試合レポート

錦城vs都立狛江

2022.07.20

錦城 敵失に乗じて得たリードをロングリリーフの鍵山の緩急自在の投球で守り切る

錦城vs都立狛江 | 高校野球ドットコム
勝利の瞬間の錦城・鍵山夏生

<第104回全国高校野球選手権西東京大会:錦城8−4都立狛江>◇19日◇3回戦◇[stadium]多摩一本杉[/stadium]

 ともに昨年の秋季都大会では二松学舎大附と対戦。錦城は2対12の7回コールドで敗れたのに対し、都立狛江は準々決勝で敗れたものの2対4と善戦。このチームでの実績では、狛江の方が上回っている。しかし今回は秋8強の立役者であるエースの山﨑 優が体調不良のため欠場。準々決勝の試合をみて狛江に進学する決意を固めた1年生の佐藤 佑樹が先発のマウンドに立った。

 1年生の佐藤を助けるためにも打撃の援護が必要であるが、先取点を挙げたのは錦城だった。まず死球と敵失で1点を先制した後、1番・有馬 良太の二塁打でさらに2点を追加した。それでも狛江は3回表に2番・海保 将吾の二塁打に3番・八子航の三塁打などで2点を入れて追い上げる。

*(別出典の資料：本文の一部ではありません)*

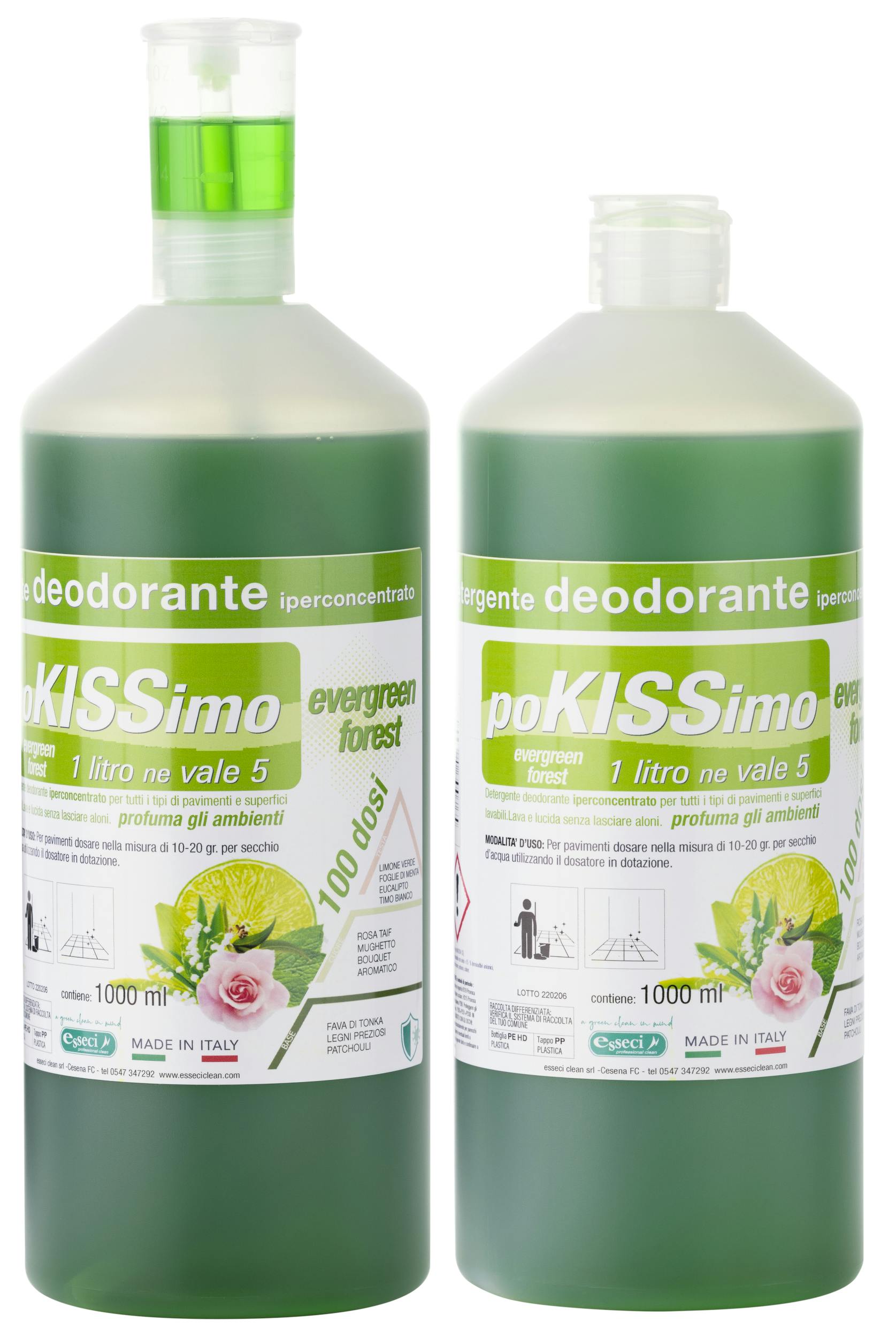 esseci clean pokissimo 1000ml evergreen forest detergente deodorante  iperconcentrato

4回表には錦城の先発・長島 瀧空のボークもあり、狛江がさらに2点を追加して逆転する。

 しかしその裏、錦城は、まず敵失で同点に追いついた後、先発・長島に代打・原田 泰地を送り、原田の左前安打で逆転。その後2死満塁となり、3番・鯉渕 小五郎の左前安打に失策が絡み3人が生還。錦城が8対4でリードしたものの試合は荒れ模様で勝敗の行方は分からない。

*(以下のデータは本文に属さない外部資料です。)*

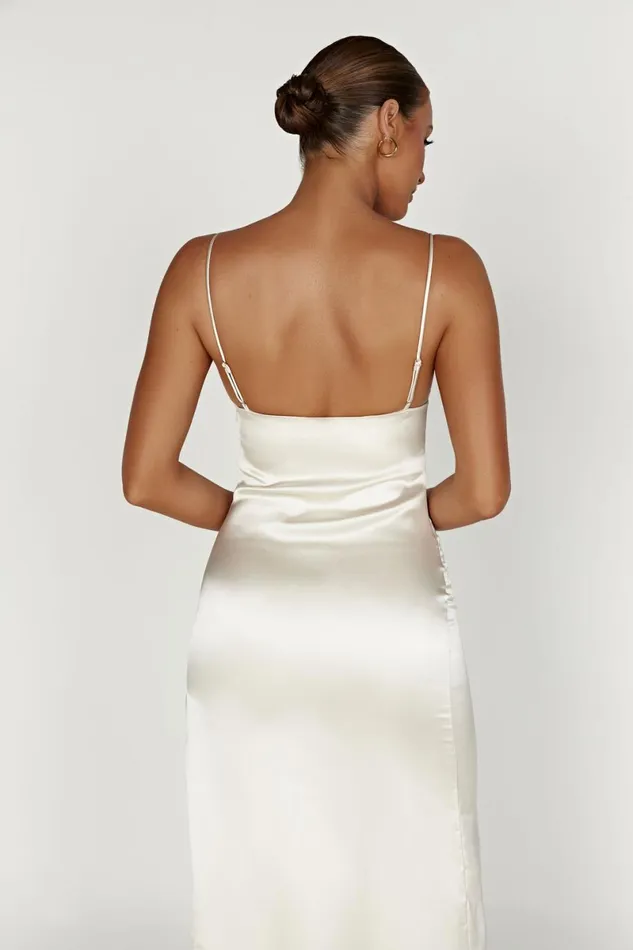Meshki Maxi Dresses Jacinda Satin Slip Maxi Dress 8211 Ivory Ivory 8211 Women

 そうした試合を締めたのは、長島に代わり5回から登板した鍵山 夏生だった。鍵山は時折、思い切ったスローボールを投げ込む。「ピッチャーの配球はいろいろ考えています。ああいう球は打たれたら仕方ないと思っています」と捕手の鯉渕は語る。そうした思い切りの良さが投球の幅を生み、緩急自在の投球で狛江打線を翻弄する。鍵山が5回から登板して以降、ピンチらしいピンチもほとんどなく、9回表狛江の攻撃を迎える。1死後、背番号20の主将・大久保 衡良が代打として打席に立つ。「次につなごう。絶対打つと思って打席に立ちました」という大久保は、三ゴロに倒れ、結局8対4で錦城が勝利した。昨夏も秋も8強に進出し、主将として「プレッシャーがありました」と大久保。最後の夏は思うような戦いはできなかったが、昨夏や秋の戦いをみて入学した先発した1年生の佐藤らが、その思いを引き継いで行くに違いない。

 勝った錦城は翌日、桜美林と対戦する。郷野 康輔監督は、「楽しませます」と語る。チームの雰囲気は明るい。それもこのチームの良さだ。